Atlanta Texas that is.
This piney woods state park is located in the northeast corner of Texas with the borders of Oklahoma, Arkansas, and Louisiana all nearby. In fact the town of Texarkana, just up the road a little bit, straddles the border and when you drive north up State Line Avenue (US71) through the heart of town, the addresses on the right side of the road are in Arkansas and the left side in Texas.
The state park itself, which is actually closer to Queen City than it is Atlanta, sits on the shores of Wright Patman Lake. This fairly good sized lake was formed by damming the Sulfur river, and before politicians got busy patting each others backs instead of doing something useful for their constituents, it used to be called Sulfur Lake. (Apparently Patman was once an elected official from the area. Like we care!! Hey, I was also paid to do a job and did it well, but I hardly think that's worth having a place named after me!!!)
After this particular trip was delayed by a bad starter on the van and the arrival of Tropical Storm Bill, I rolled into the park on a Friday afternoon instead of the planned previous Monday arrival.
Expecting the worst I had made an online reservation to ensure I would be able to snag a camp site and was braced for a weekend of run-amucking in a crowded campground,
only that's not what happened. Instead, here I am in the Knights Bluff camping area off a little loop with 8
campsites around it. In case you haven't figured it out, that's me in
the red circle. And yes, I was the only occupied site on the loop all
There are full hookups in the park but they are little more than wide spots along the park road so I would avoid them if possible. Convenient if you just have to have a pull-through, but otherwise unremarkable. There are also back-in water/electric sites arranged more traditionally in rays off the road which is what I'm in here.
There are no primitive sites in this park, drive-up or walk-in, but given that it was mid June and slow moving Tropical Storm Bill had left an abundance of water behind, much of it thickening the air until walking wasn't much different than swimming, I gladly hooked up to shore-power and turned on the hated air conditioner in the afternoon when I got back from hiking/wading.
This is are area of dense mixed hardwoods and pines. (For those out there that think of Texas as only desert and tumbleweeds, logging is still a major economic factor in East Texas.)
And if the nurseries under the 90' pines are anything to go on, the forest here won't be fading away anytime soon. Under the protection of the mature trees, the ground is carpeted with tens of thousands of little wannabe trees just waiting for one of the old guys to die off and fall down, opening the understory up to growth-spurt inducing sunlight.
I had originally intended to mix some kayaking in with the hiking, but with all the water Topical Storm Bill had dumped both here and upstream, the lake was a little too exuberant for my taste, so the kayak stayed in the back of the van.
Not that the hiking wasn't also a bit of a challenge. About half of the park's trail system was in the lake and some of the rest was pretty dang close to being submerged as well. But nothing some water shoes and rolled up pant's legs couldn't handle, right? Wrong!!

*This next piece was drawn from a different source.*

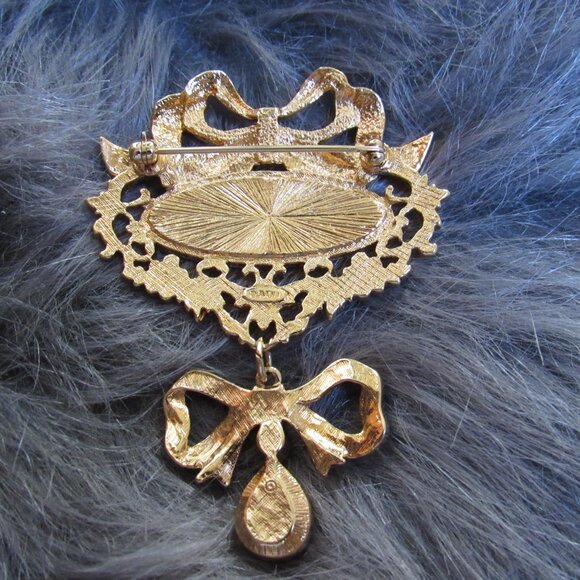 VINTAGE-AVON-JEWELED BROOCH-DANGLING BOW-PURPLE "AMETHYST"-OVAL PEARL - Picture 6 of 7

All that water has displaced many of the forest critters and as I stood watching this little calf-deep pond in the middle of the trail, I could see the heads of several snakes criss-crossing that little bit of open water. I'm not particularly bothered by snakes, but chances were, some of those guys out there were venomous, so instead of wading I did a little bush-wacking and log-walking to work my way around the deeper spots.
Oddly enough, though the mile long, well blazed Hickory Hollow Nature trail is one of the higher trails in the park, as you can see from this photo, it doesn't appear to see much foot traffic.
In fact this is a photo of one of the two bridge-crossings along this trail. Yep, there really is a bridge just a few steps ahead there. I didn't need a machete to get through, but it would have helped!
I spent the good part of a couple days out on the trails of this park without meeting anyone else. (That seems to happen to me more than I would expect. Is everyone else just missing out or am I nuts for being out there??) In fact my only encounter was this elephant-seal looking dude hanging out in one of the trees.
With two separate boat launches, some decent trails (Once they've dried out a little) and nice $14 water/electric sites (Plus $3 if you don't have a park pass.) this is not a bad park to spend a little quiet time in.
I stayed here a couple days waiting for Tropical Storm Bill to finish screwing around out there in front of me, then crossed the Red River on a road that had been underwater the day before. When I looked over at the bridge carrying the southbound side of US71 over the river I could see where the bridge pilings used to hit the ground, then I could see another 20' or so of piling exposed below that by water scouring out the ground from beneath the bridge! No photo because I wasn't going to hang around out there to see just how safe the bridge was!! I also didn't look back to see if my side of the bridge was falling down behind me either, I just focused on the dry ground (Though in this case that's a relative term.) ahead of me and drove! In fact when I came back through the area a week and a half later the road had been closed again. . . Maybe I did knock the bridge down!